The co-ed psych-rockers’ walk-on music was the Beach Boys’ “Good Vibrations,” which made their opener, Phosphene Dream’s “Bad Vibrations,” even more pleasing to the celebratory audience, high on Cinco de Mayo partying and pre-graduation exhilaration (guitarist/singer Christian Bland was sure to mention both).

“What a cool town you guys live in,” scruffy singer Alex Maas told the capacity crowd before his group broke into “Young Men Dead,” from the Black Angels’ sizzling 2006 debut album, Passover. The tribal sludge that made the band famous a few years ago is just getting better with time, juxtaposing the Velvet Underground, Black Sabbath, the 13th Floor Elevators and the Doors. Songs like “Prodigal Son” energize fans of heavy music while setting the bodies of young psychedelia lovers in frantic motion; they also somehow make sense of Maas’ comment to me an interview three years ago that his biggest creative inspiration is “the unknown.” In a town like Boulder it’s always good to be shaken awake by lyrics that don’t just tell you everything’s gonna be alright.

Phosphene Dream, the quintet’s latest LP, marks a low point in its career, with only a few highlights, including the title track and “Bad Vibrations.” The lyrics often seem drugged-out rather than enlightened and cutting; even the aforementioned standouts are just too derivative at times—occasionally parroting “Not to Touch the Earth” and “The End”—and mixing almost whimsical ’60s surf music with the dark stuff is hit-or-miss. But in concert, although the Cinco de Mayo performance was the least impressive of the three Colorado Black Angels shows I’ve seen since 2008, barely a moment was dull.

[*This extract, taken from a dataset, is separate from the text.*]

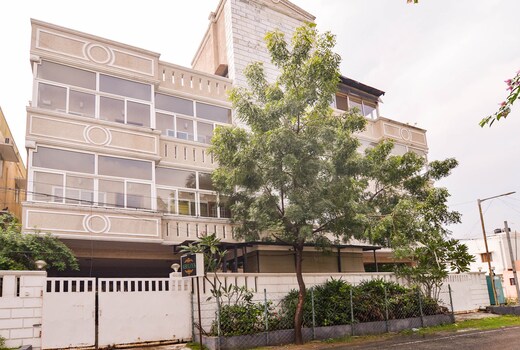 Aurovilla Service Apartment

The new songs made it obvious that, like Broken Social Scene and Arcade Fire, everyone in the Black Angels can—and often does—play any instrument on the stage, which brings a sense of togetherness off of which delighted audiences hungrily feed. Plus, the whimsy of Phosphene numbers like “Yellow Elevator #2” seemed to make sense in the razor-sharp wilderness of mischievous bombast that makes Black Angels concerts special; and the focused violence of Stephanie Bailey’s Bonham-meets-Moe Tucker drumming kept the Crazy Train snug on the rails—even when a fan hit her square in the chest with a full water bottle. I’d like to see Glenn Danzig’s reaction to that one.

CRITIC’S NOTEBOOK

Personal Bias: Sleepy Sun, whose frontman Bret Constantino told me after the Fox show that talented co-lead-singer Rachel Williams quit the band recently because “she was sick of being in a band with a bunch of dudes,” played a gig with my old group The Love X Nowhere in Los Angeles about five years ago. Back then they were a smattering of UC Santa Cruz kids known as Mania.

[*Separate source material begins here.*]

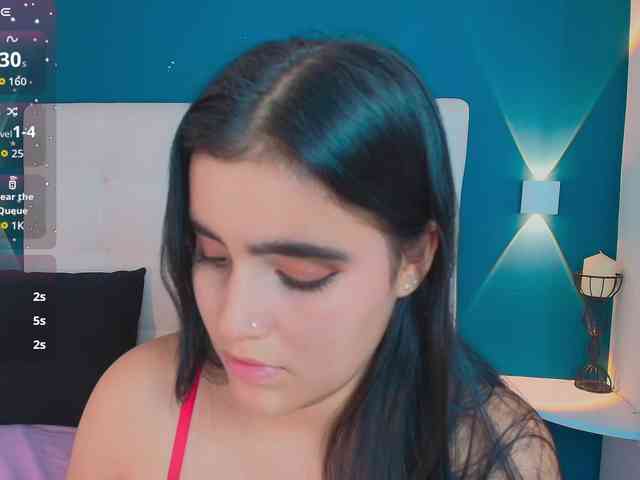 MiiaaCarter webcam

Random Detail: Judging from the Fox’s concert calendar for the rest of May, it looks like sparse times for rock shows if you’re actually spending the summer in Boulder like I am.

By The Way: The Black Angels’ encore—“Bloodhounds On My Trail,” “You On the Run” and “Phosphene Dream”— was a flawless mini-set to itself, showcasing menacing Southern Rock with a hint of the Stooges, a swirling ceremonial dirge for 21st Century paranoids, and a truly inventive, dynamic existential buildup that, in my humble opinion, probably rivaled anything the Doors ever played. The long encore boasted some of the best material from the group’s three albums—here’s hoping someone recorded it. Where’s the “Taper’s Section” at non-jamband concerts anyway?

One thought on “REVIEW: Black Angels & Sleepy Sun in Boulder

  1. At least that’s how it seemed. We caught them 6 months earlier, 3 days before the release of Phosphene Dream and the killed it. Compared to that show, April’s show in PGH was sub-par at best. I can’t wait to catch them again though. One of the best bands out there.